*** Opening of DATA TO EXAMINE ***
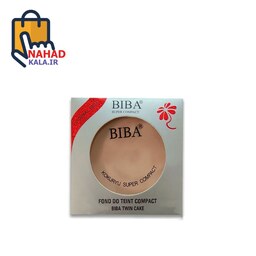پنکک بیبا شماره 101(اصلی) Biba Super Compact 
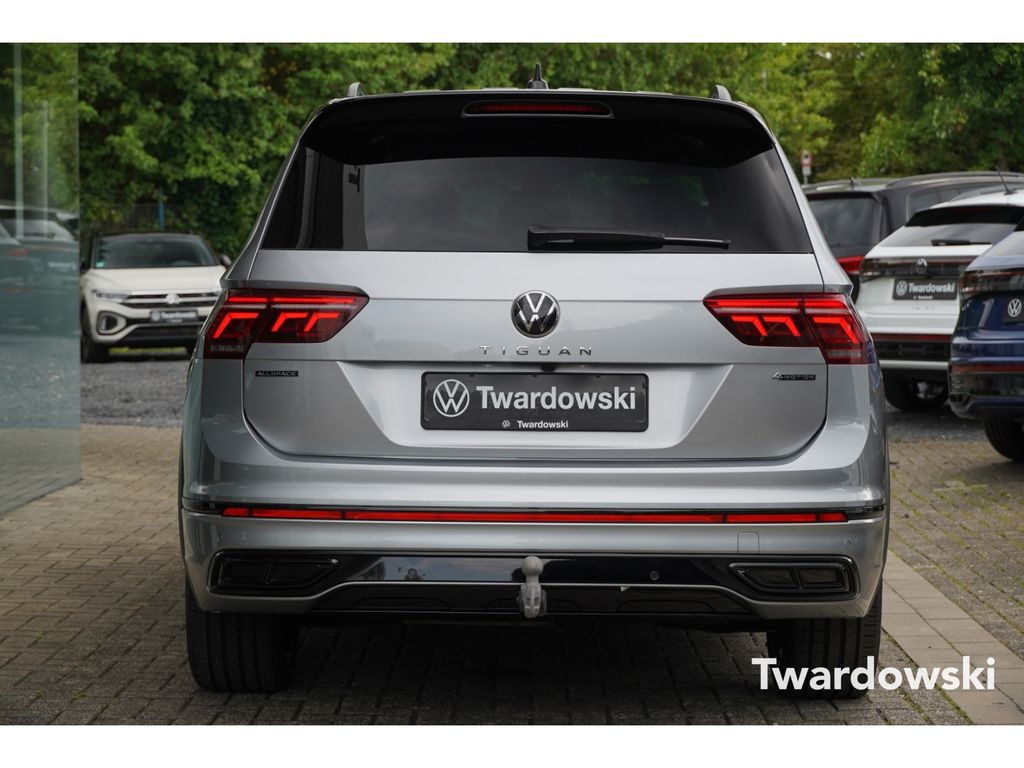 Volkswagen Tiguan Allspace 2024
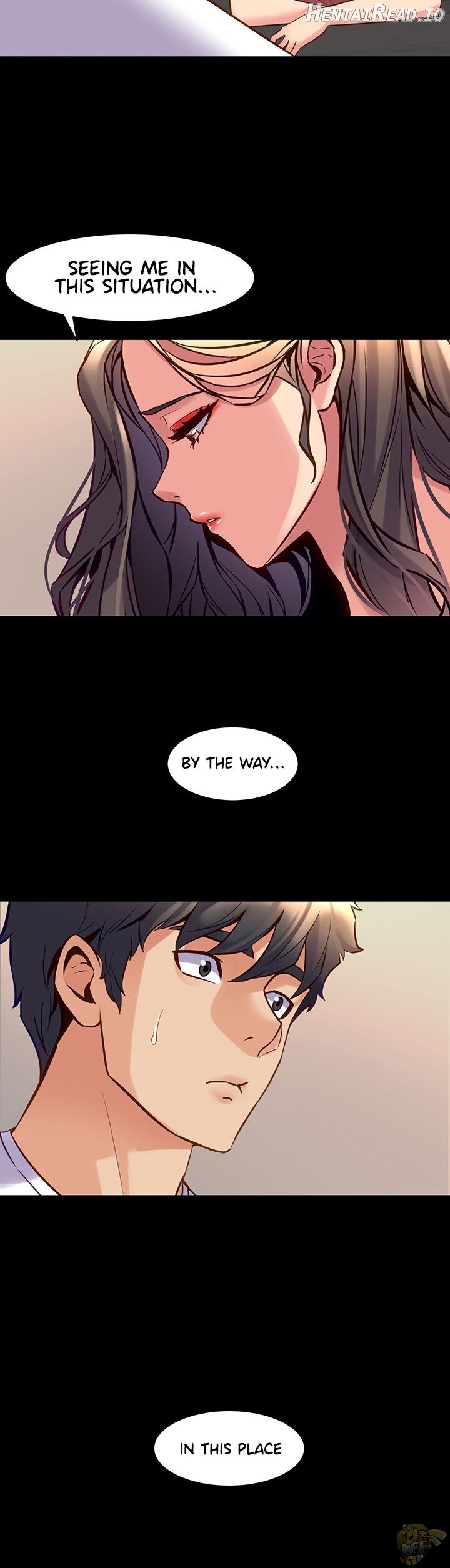 Cohabitation with My Ex-Wife Chapter 45 - page 24
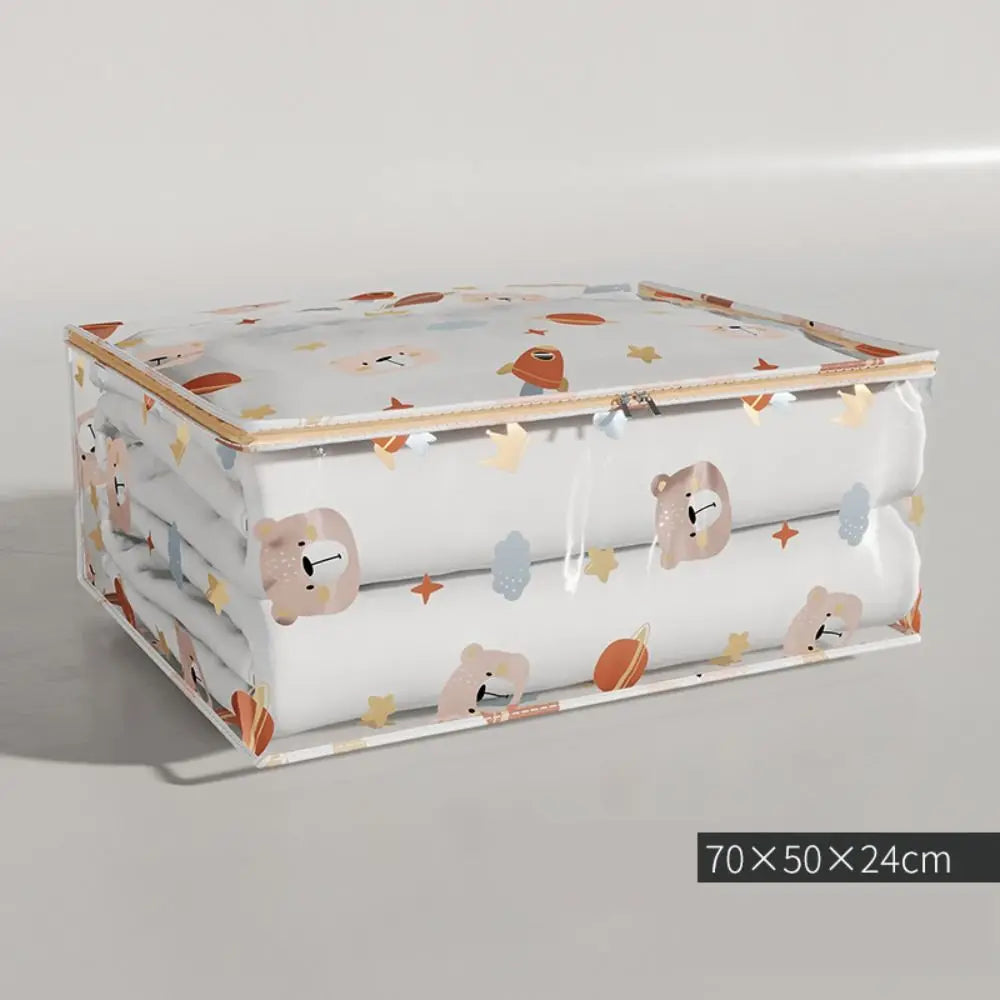 Organizador De Roupa Transparente a Prova De Poeira, a Prova D'agua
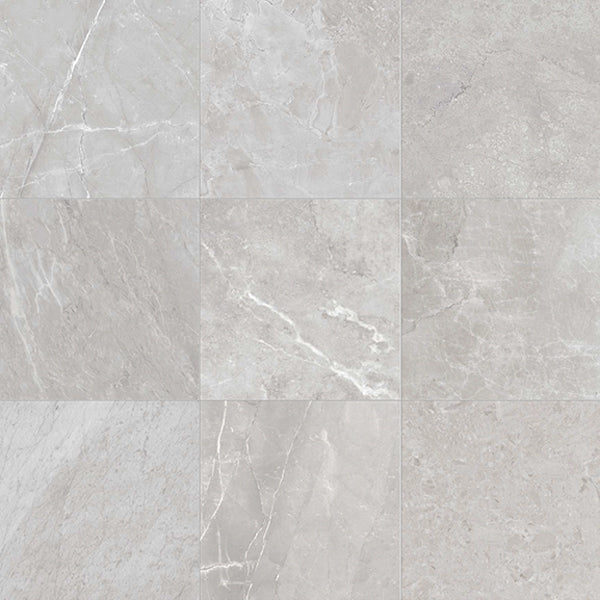 600x600mm Edimax Astor - Velvet Grey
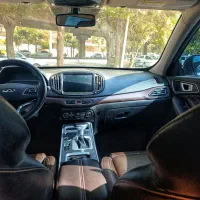 تیگو۷مشکیieمدل۹۸ تک برگ سند۱۳۰تاکاربی رنگ|خودرو سواری و وانت|اصفهان, لیمجیر|دیوار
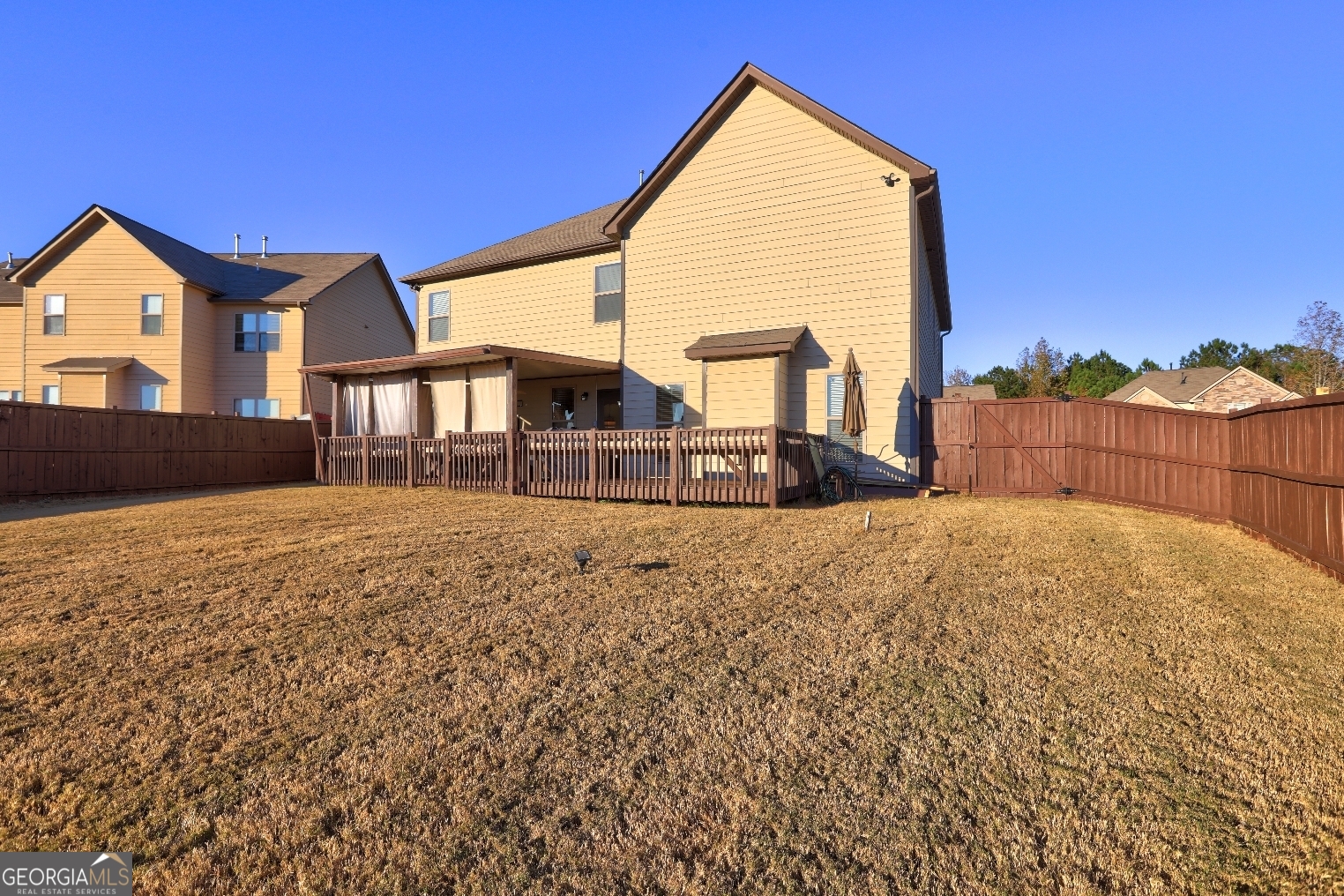 609 Caledon Way Hampton, GA 30228 - Photo 49 of 55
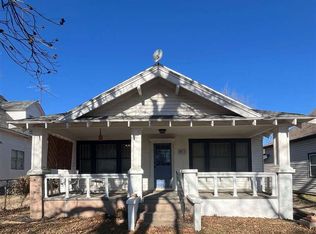 813 Delaware St, Perry, OK 73077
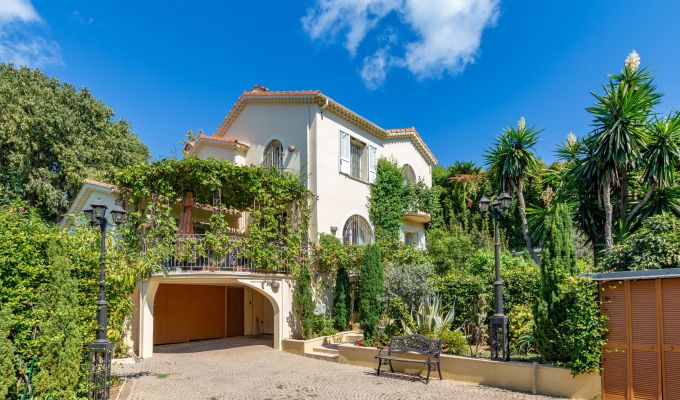 Vente Villa Antibes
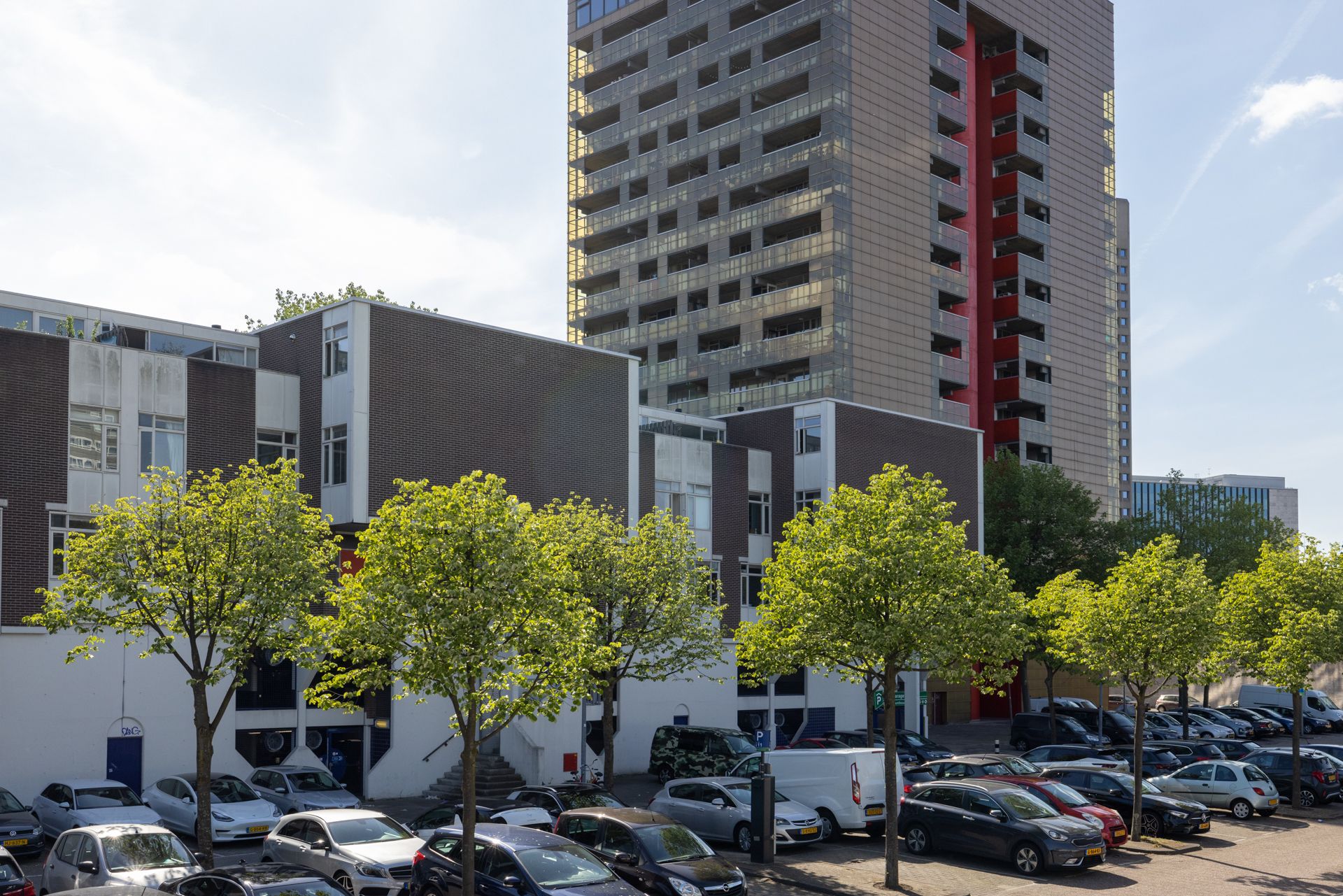 Sint-Jacobstraat 227 Rotterdam - Aanzicht 4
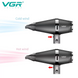 Професійний фен VGR V-451 2200W з 3 насадками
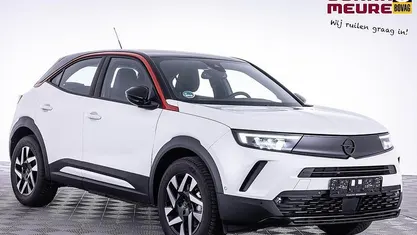 Wit Gebruikt 2023 Opel Mokka-e GS Line SUV | € 19.790 (Eerlijke prijs)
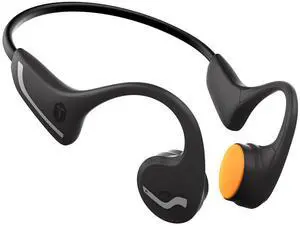 Open Ear Bone Conduction Headphones, Bluetooth Mic IP55 | Open-ear design with 8H playtime and NRR 25dB noise control for sports and industrial use Open Ear Bone Conduction Headphones, Bluetooth Mic IP55 | Open-ear design with 8H playtime and NRR 25dB noise control for sports and industrial use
*** Close of DATA TO EXAMINE ***
• **WHAT IS REQUIRED**: Would you return the material exactly, images excluded?

• **RESPONSE**:
پنکک بیبا شماره 101(اصلی) Biba Super Compact 
 Volkswagen Tiguan Allspace 2024
 Cohabitation with My Ex-Wife Chapter 45 - page 24
 Organizador De Roupa Transparente a Prova De Poeira, a Prova D'agua
 600x600mm Edimax Astor - Velvet Grey
 تیگو۷مشکیieمدل۹۸ تک برگ سند۱۳۰تاکاربی رنگ|خودرو سواری و وانت|اصفهان, لیمجیر|دیوار
 609 Caledon Way Hampton, GA 30228 - Photo 49 of 55
 813 Delaware St, Perry, OK 73077
 Vente Villa Antibes
 Sint-Jacobstraat 227 Rotterdam - Aanzicht 4
 Професійний фен VGR V-451 2200W з 3 насадками
 Wit Gebruikt 2023 Opel Mokka-e GS Line SUV | € 19.790 (Eerlijke prijs)
 Open Ear Bone Conduction Headphones, Bluetooth Mic IP55 | Open-ear design with 8H playtime and NRR 25dB noise control for sports and industrial use Open Ear Bone Conduction Headphones, Bluetooth Mic IP55 | Open-ear design with 8H playtime and NRR 25dB noise control for sports and industrial use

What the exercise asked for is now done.